Y es que así somos todos los españolitos (por mucho que les pese a algunos dictadores regionales tener otro rasgo en común con el resto de habitantes de la piel de toro) unos voceras que, bien por afán de protagonismo, o en búsqueda de adeptos a nuestra causas o por el simple hecho de hacernos notar por encima del común de los mortales que nos rodean, aireamos nuestras vidas privadas y nuestras intimidades bien alto y si es posible rodeados de muchas personas, mejor, eso sí, que a nadie se le ocurra llevarnos la contraria o dar su opinión que están inmiscuyéndose, sin permiso, en nuestros asuntos personales y vulneran nuestro derecho a la intimidad.

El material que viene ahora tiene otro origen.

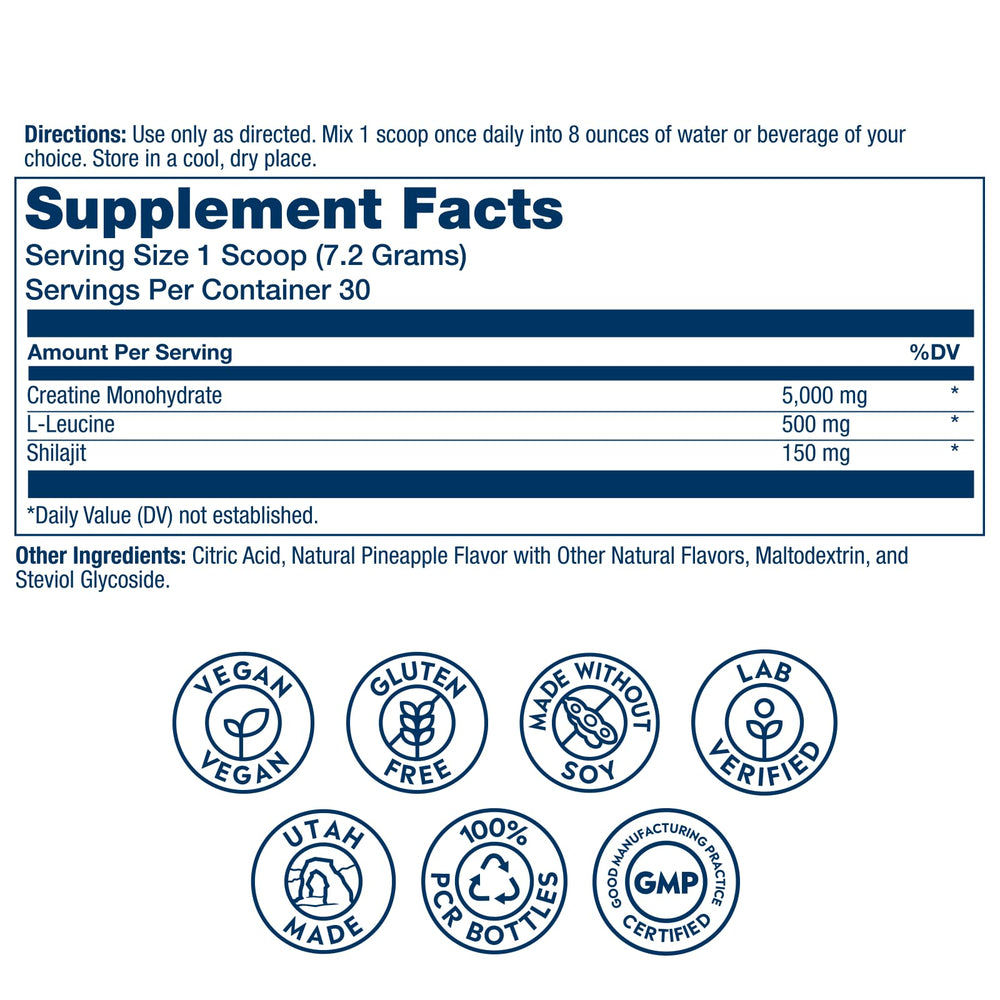 SOLARAY Creatine with Shilajit bottle label highlights quality and ingredients.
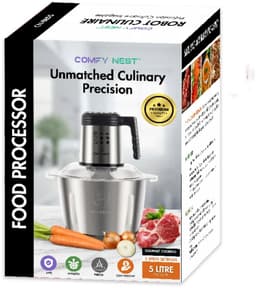 Foodprocessor – Elektrische Hakmolen – 1000W – 5 Liter RVS Kom – 3 Snelheden – 6 Messen – Zilver — thumbnail 3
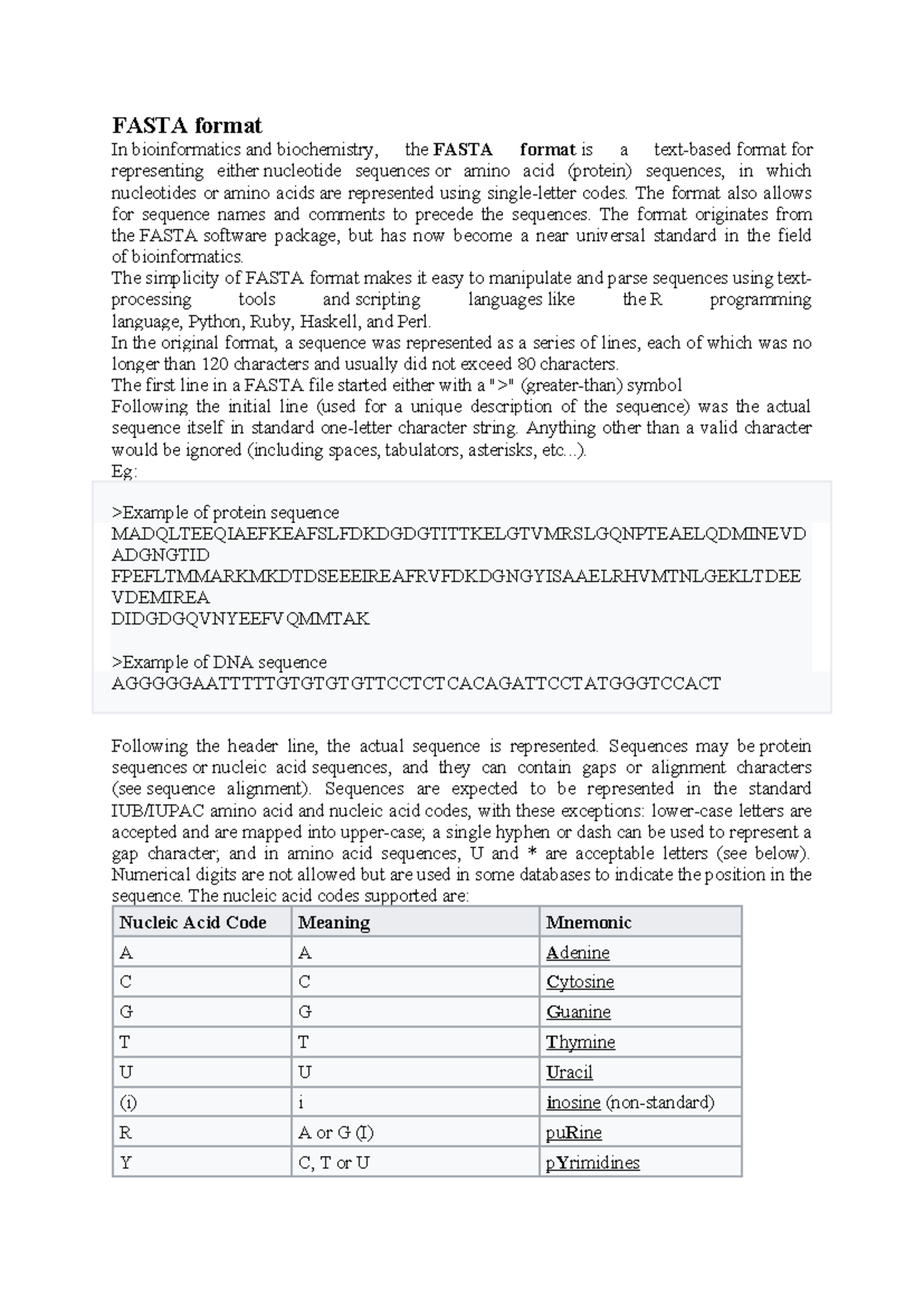 Fasta format - Summary Master of Science Zoology - FASTA format In ...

Esta mezquina costumbre, que también se puede comprobar en la televisón o en la prensa rosa donde las aves de corral de turno airean sus trapos sucios(con la posterior desfachatez de denunciar a posteriori que los periodistas no respetan sus vidas privadas) no es feudo exclusivo de los españoles. En estas lides también son unos maestros nuestros vecinos italianos que no dudan un momento en demostrar, sin pudor alguno, su procedencia, dando voces a diestro y siniestro cual ropavejero itinerante. Si algún día les interesa, les contaré como descubrir a un español o a un italiano entre mareas humanas de turistas en cualquier ciudad del mundo. ¿Intuyen el secreto?.